ProxySG & Advanced Secure Gateway

  • Private Community
 View Only

  • 1.  DNS Queries along with proxy enabled web browser

    Posted Sep 24, 2017 01:13 AM

    Hi Guys,

    I need some clarification on DNS queries by the client PC enabled with web proxy on its browser. 

    Whether the PC defined DNS servers will do DNS resolution or the proxy server does it while browsing websites?

    If proxy server does the DNS resolution, what is the solution to get the DNS queries directly from the PC defined DNS servers?



  • 2.  RE: DNS Queries along with proxy enabled web browser

    Broadcom Employee
    Posted Sep 24, 2017 01:23 AM

    i hope this should help to answer your first part of the question.

    How does the DNS resolution work on the ProxySG?

    http://www.symantec.com/docs/TECH241525


  • 3.  RE: DNS Queries along with proxy enabled web browser

    Posted Sep 24, 2017 10:31 AM

    Hi Alagesan,

     

                In an explicit proxy setup, DNS query is performed by proxy ideally.
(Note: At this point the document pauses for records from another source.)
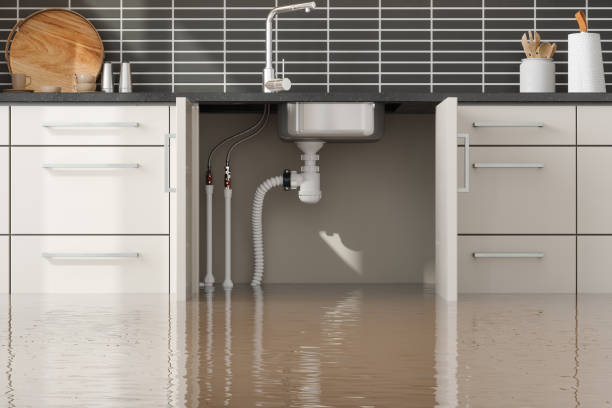 Best Water damage repair service  in USA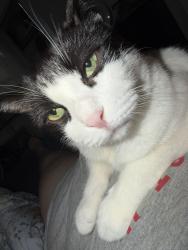 Reunited Female Cat last seen 240-63 68th Ave 1 fl Little neck ny 11362, Queens, NY 11362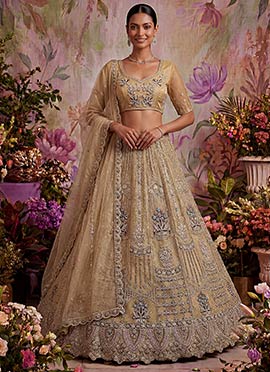 Golden Net Embroidered Sequins Lehenga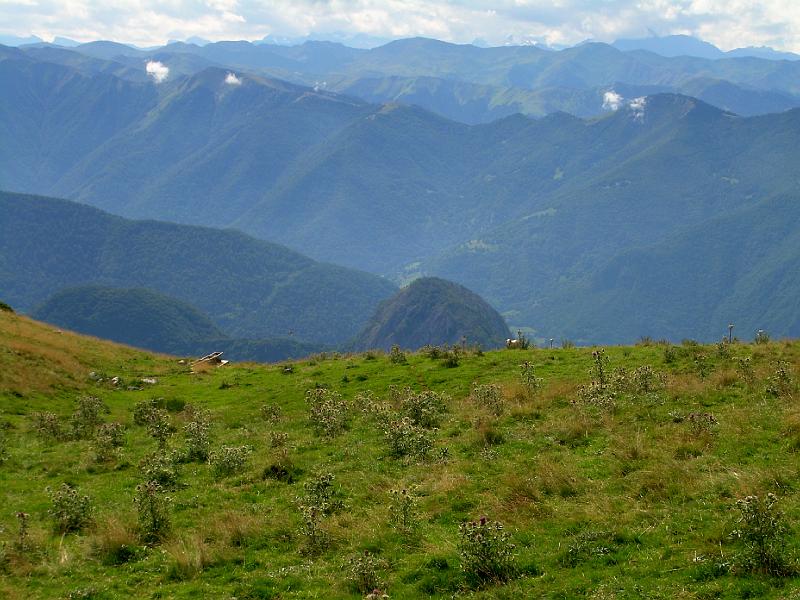 DSCN2733.JPG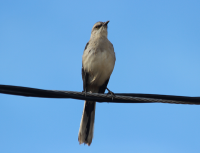 Tropical Mockingbird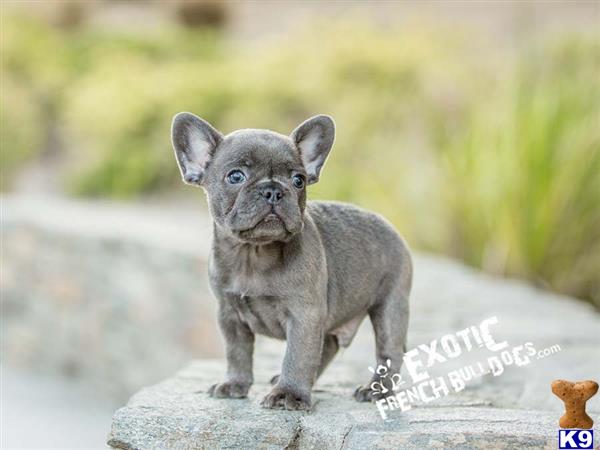 a small french bulldog dog standing on a rock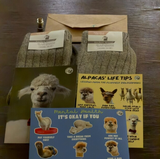 Ben Jamin review photo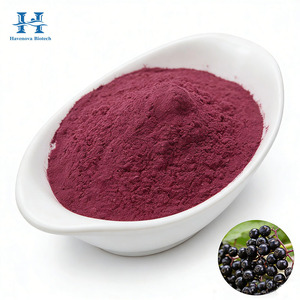 ราคาดีที่สุด ประกอบด้วยโพลีฟีนอลธรรมชาติและแอนโทไซยานิน 25% สารสกัดจากเอลเดอร์เบอร์รี่  วัตถุดิบเป็นผง มีความเสถียรและเชื่อถือได้ - Product Image 2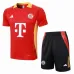 Jeu de SURVETEMENT POLO du FC Bayern Munich 2024/25 - Rouge vif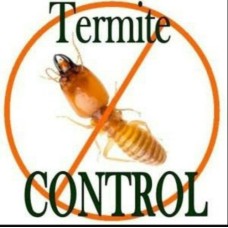 Termite Control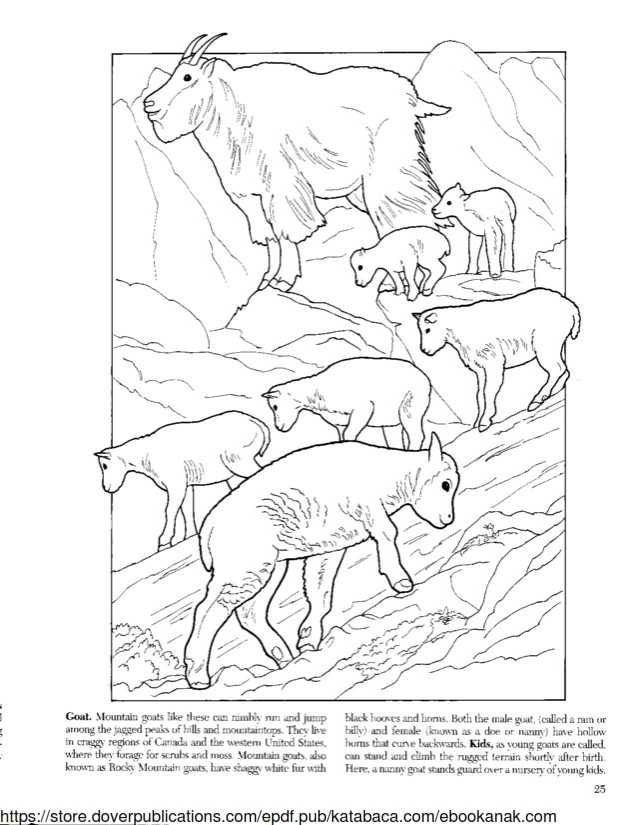 Detail Gambar Mewarnai Hewan Kambing Nomer 31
There is no need for client to preform DNS and then pass the domain name to proxy. Sometimes, the client application or Java applets are seen to be performing a DNS lookup at client side also. Another example for client performing DNS query is when PAC (WPAD) file is implemented which is having destination IP based conditions.



  • 4.  RE: DNS Queries along with proxy enabled web browser

    Posted Sep 24, 2017 02:32 PM

    Hi Guys,

    Thanks for your responses. So now i believe the webpage request comes to proxy server and it does the DNS query with listed DNS servers.

    My challenge here is, I have a DNS threat prevention solution, which tend to block DNS queries to malicious websites. It blocks those malicious queries successfully. But the source IP for the malicious query is seen as the proxy server IP address. 

    I am more interested to see the client PC IP address in my DNS threat prevention solution rather the proxy IP address. Is there any way achieve my requirement. 

     



  • 5.  RE: DNS Queries along with proxy enabled web browser

    Posted Sep 25, 2017 10:13 AM

    Hi,

    since the SG itself is generating the DNS Requests (in explicit proxy mode) and is not just forwarding or proxying a DNS request from a client I think this is technically impossible. There is no DNS request from a client and therefore no originating IP other than the SG's IP address.

    In HTTP you would simply add a X-Forwarded-For Header. There is no such function in DNS even if you would use the SG as your DNS proxy.

    Only in transparent proxy deployments would the clients issue DNS requests to their configured DNS servers. But then requests blocked by your DNS threat prevention would probably never reach the SG.

    Kind Regards,

    Gunnar

     



  • 6.  RE: DNS Queries along with proxy enabled web browser

    Posted Sep 25, 2017 12:36 PM

    The real answer to this question is probably a SIEM, where you correlate your proxy, DNS and other logs.

    As mentioned the ProxySG is responsible for the name resolution in a explicit deployment. However what you could do as a workaround are redundant DNS querys, so that the client is also resolving the DNS names of all domains which it tries to access, even if it wouldn't have to.

    If you are using a PAC file you can try and insert a "dnsResolve(host)" function there. Then the client will have to perform a DNS lookup (either from its local cache or from a DNS server) and you get your log entry on the DNS server with the source IP address of the client. Of course you will also get an additional DNS request from the ProxySG.